#### [What you are asked to do]
Going down the listing below, print exactly each line from the one with "Coach with woman" up to and including the one with "1530 Laurel Oaks", and skip the rest.

#### [Input material]
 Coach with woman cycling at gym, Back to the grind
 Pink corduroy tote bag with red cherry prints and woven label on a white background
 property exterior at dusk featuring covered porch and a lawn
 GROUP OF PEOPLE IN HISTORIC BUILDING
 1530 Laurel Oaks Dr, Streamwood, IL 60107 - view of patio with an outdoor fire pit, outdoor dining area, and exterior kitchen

---

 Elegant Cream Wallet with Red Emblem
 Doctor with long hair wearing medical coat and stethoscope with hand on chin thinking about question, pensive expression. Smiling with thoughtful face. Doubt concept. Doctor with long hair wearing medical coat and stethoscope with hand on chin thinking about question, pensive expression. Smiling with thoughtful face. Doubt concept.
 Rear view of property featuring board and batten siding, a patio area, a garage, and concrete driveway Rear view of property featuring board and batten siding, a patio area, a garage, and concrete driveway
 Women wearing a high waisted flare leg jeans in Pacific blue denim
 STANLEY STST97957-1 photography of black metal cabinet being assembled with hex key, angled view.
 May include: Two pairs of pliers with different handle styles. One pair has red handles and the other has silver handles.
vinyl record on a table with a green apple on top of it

--

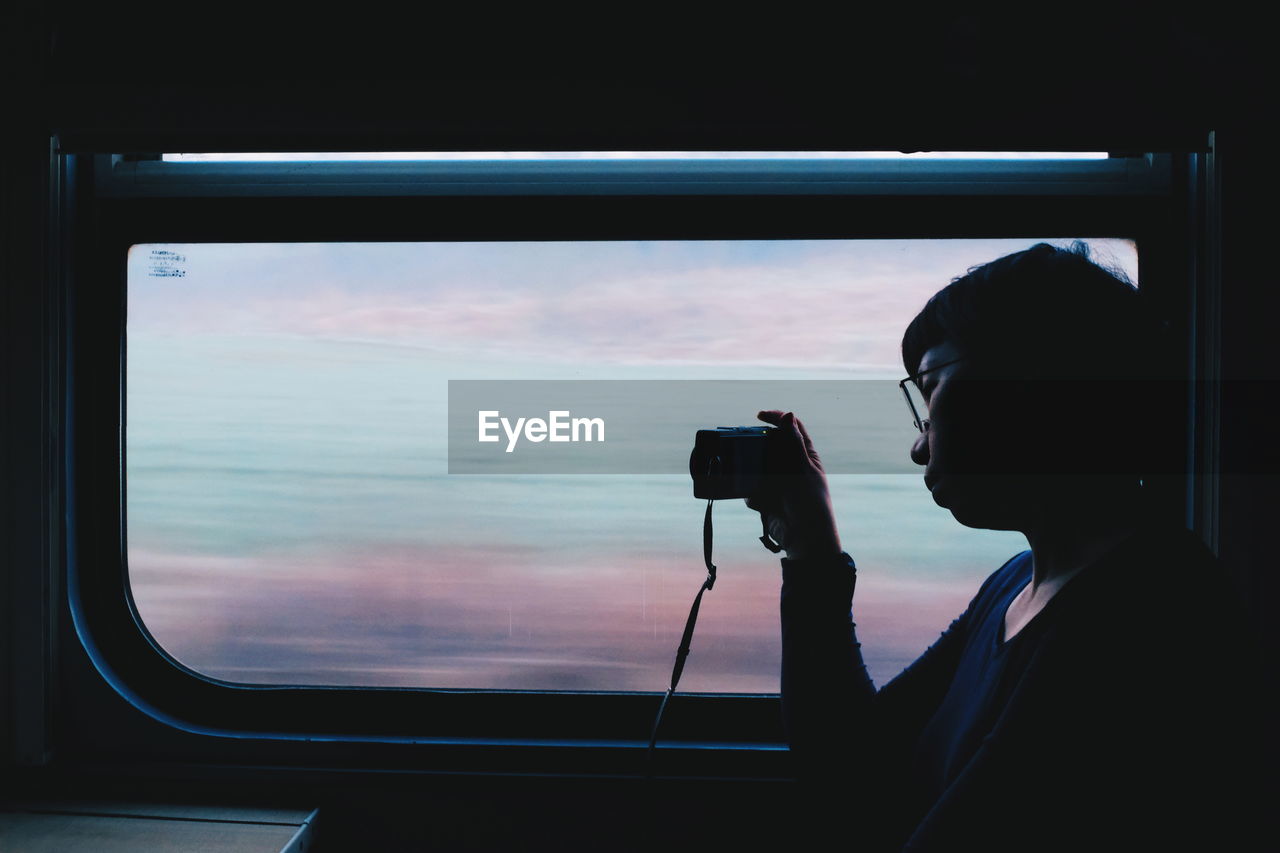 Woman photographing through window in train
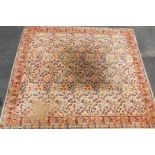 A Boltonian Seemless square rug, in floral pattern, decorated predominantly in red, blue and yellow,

#### [Solved problem]
 Coach with woman cycling at gym, Back to the grind
 Pink corduroy tote bag with red cherry prints and woven label on a white background
 property exterior at dusk featuring covered porch and a lawn
 GROUP OF PEOPLE IN HISTORIC BUILDING
 1530 Laurel Oaks Dr, Streamwood, IL 60107 - view of patio with an outdoor fire pit, outdoor dining area, and exterior kitchen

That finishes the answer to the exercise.